The expected output is an exact copy of the lines from the one containing "Baskets de sport" through the final line of the entries below, with no images.

——

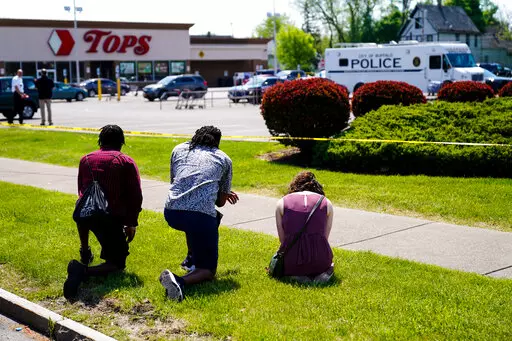 People pray outside the scene of Saturday's shooting at a supermarket, in Buffalo, N.Y., Sunday, May 15, 2022. The shooting is the latest example of something that's been part of U.S. history since the beginning: targeted racial violence. (AP Photo/Matt Rourke)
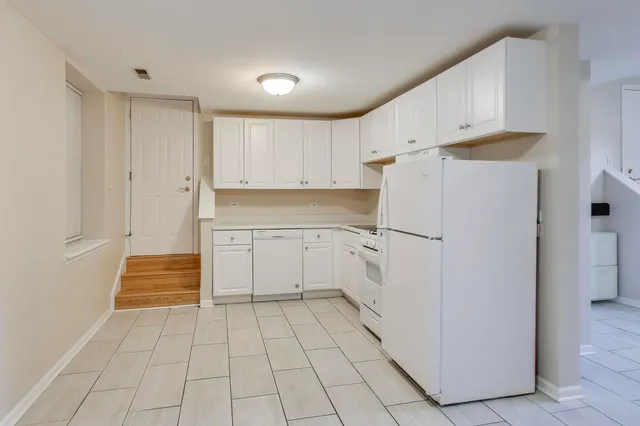 a kitchen with white cabinets and white appliances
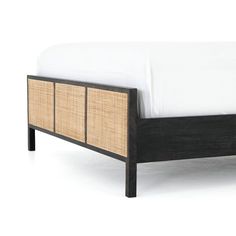 a bed with wicker drawers and white sheets on it's headboard, against a white background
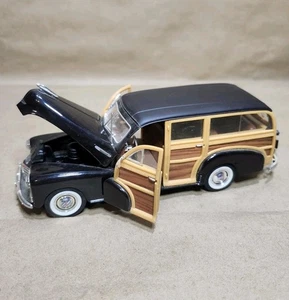 Welly 1948 Chevrolet Fleetmaster Woody Maßstab 1:24 schwarz Woodgrain Modellauto 2083 - Bild 1 von 8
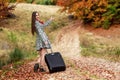 Young girl waiting on a country road with her suitcase. Royalty Free Stock Photo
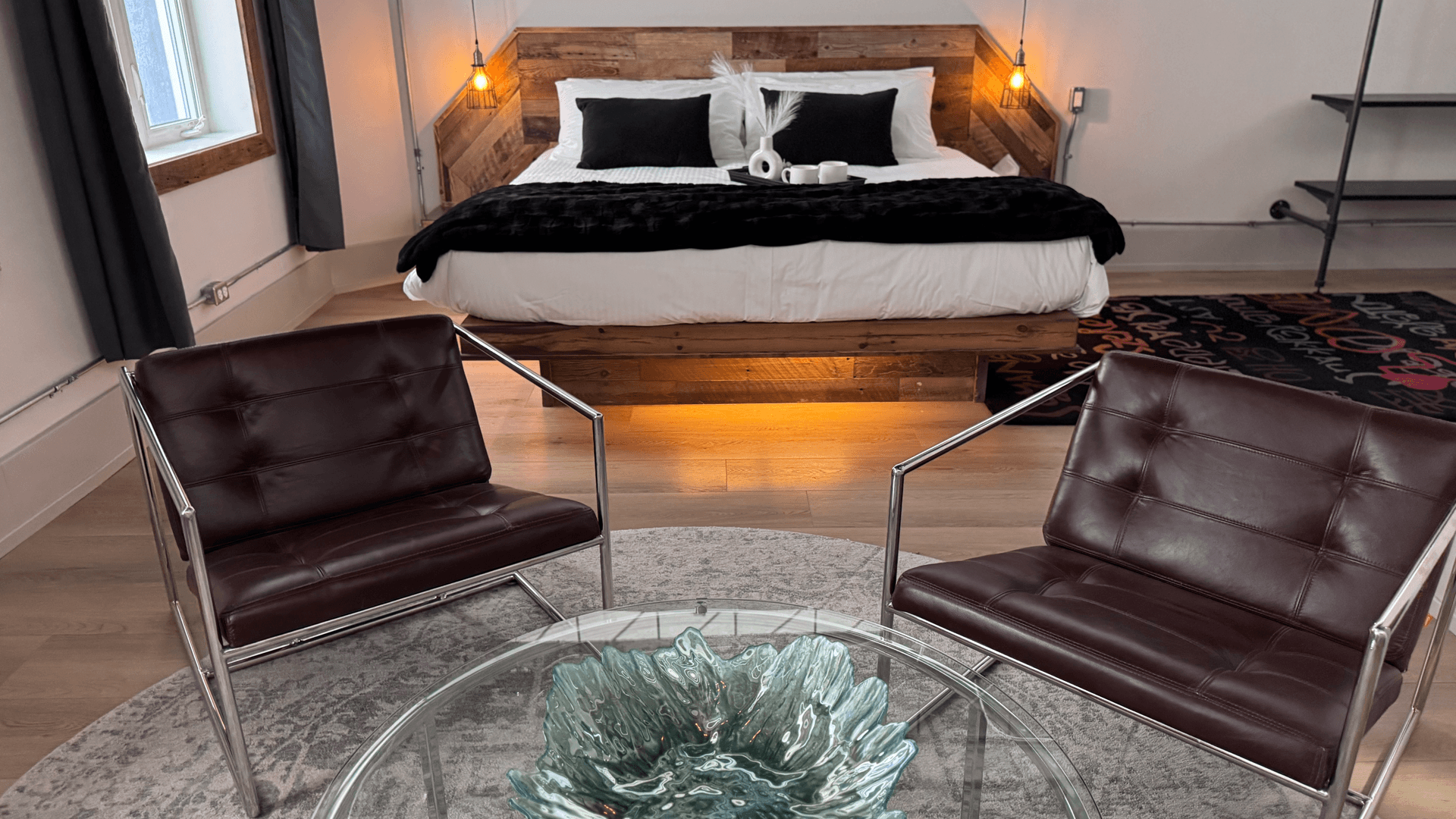 A modern bedroom with a wooden bed, white linens, and black accents. Two leather chairs face a glass table in the foreground, creating a cozy, stylish atmosphere.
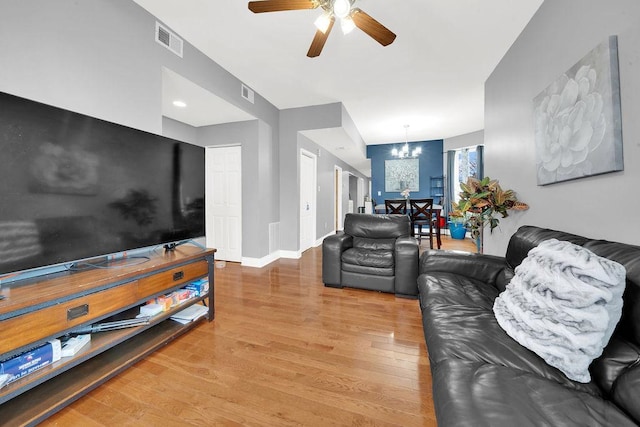 living area with visible vents, ceiling fan with notable chandelier, baseboards, and wood finished floors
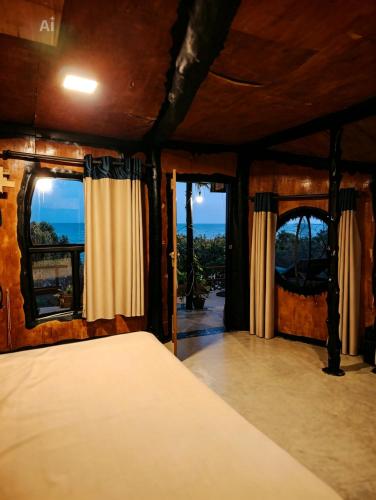 a bedroom with a bed and two windows at Happybeach Sea view Cabin restaurant & beach bar in Tangalle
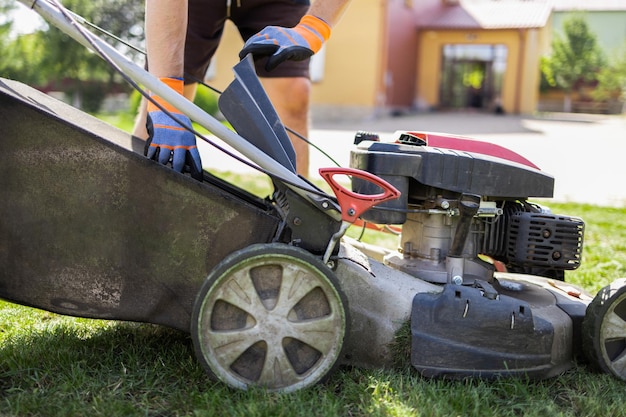 Man puts an empty lawn mower catcher in place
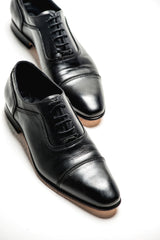 Black leather oxford cap toe shoes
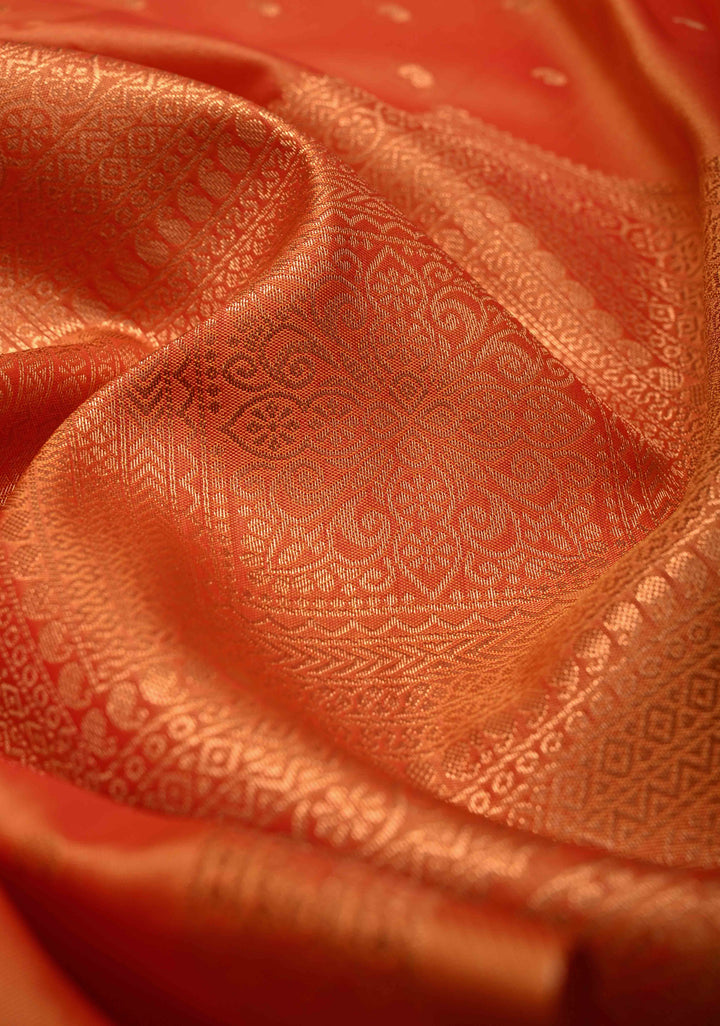 Orange Kanchi Semi Silk Saree with Paisley Zari Buttas and Geomatric Motifs on Border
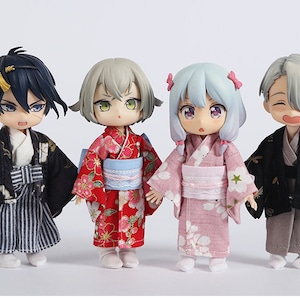 May include: Four small dolls wearing traditional Japanese clothing. The dolls are dressed in a black and gold kimono, a red and white kimono, a pink and white kimono, and a black and gold kimono with a grey obi.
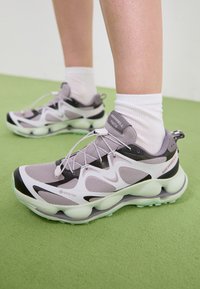 Baskets de sport GORE-TEX violet clair avec une tige en maille texturée, des accents noirs et une semelle sculptée. Comprend des lacets élastiques et un col rembourré.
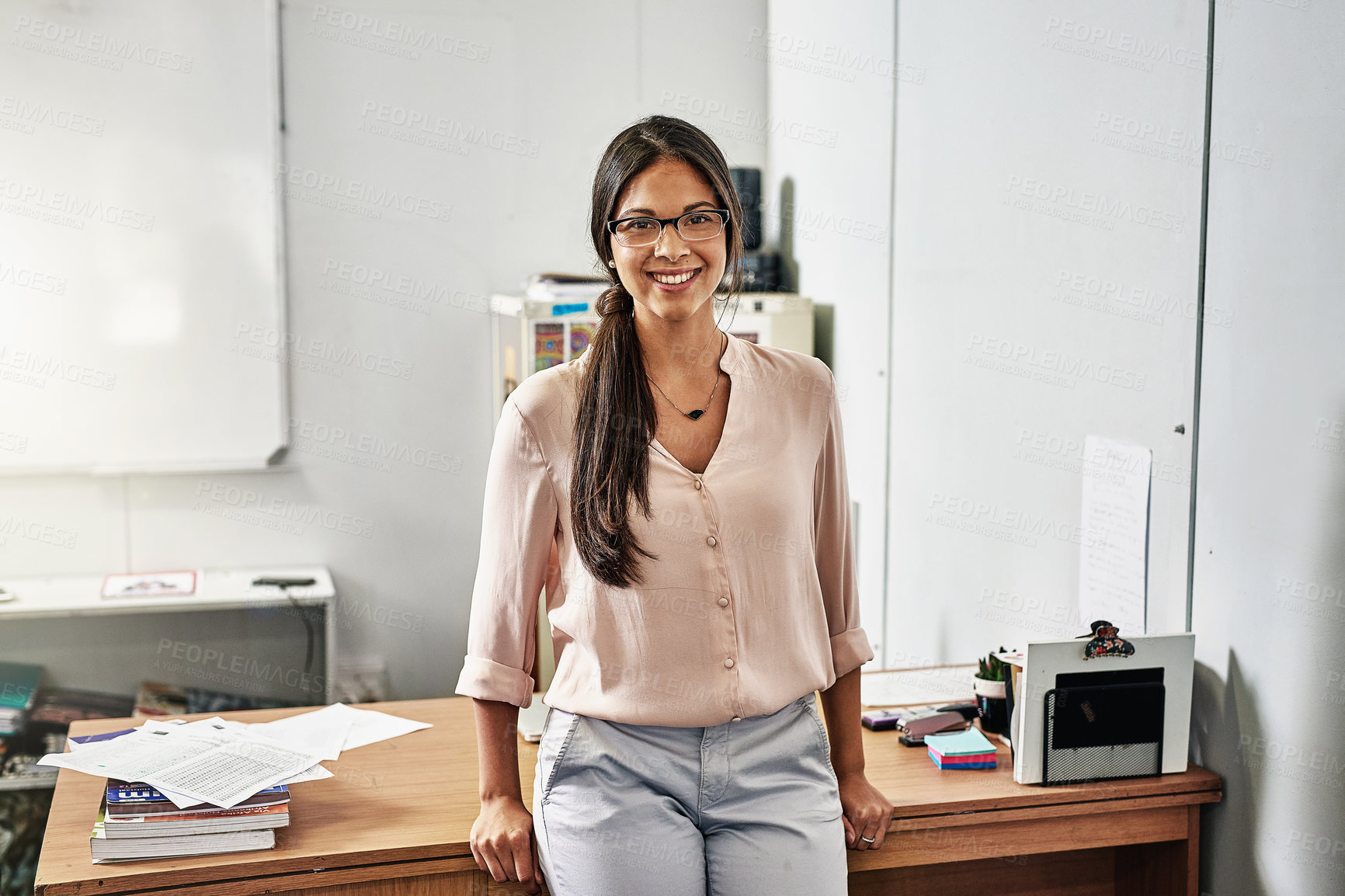 Buy stock photo Portrait, woman and teacher smile in school for education with glasses. Tutor, educator and desk or office for learning, knowledge or professional study in development classroom with happiness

——

Your solution:
 Baskets de sport GORE-TEX violet clair avec une tige en maille texturée, des accents noirs et une semelle sculptée. Comprend des lacets élastiques et un col rembourré.
 Buy stock photo Portrait, woman and teacher smile in school for education with glasses. Tutor, educator and desk or office for learning, knowledge or professional study in development classroom with happiness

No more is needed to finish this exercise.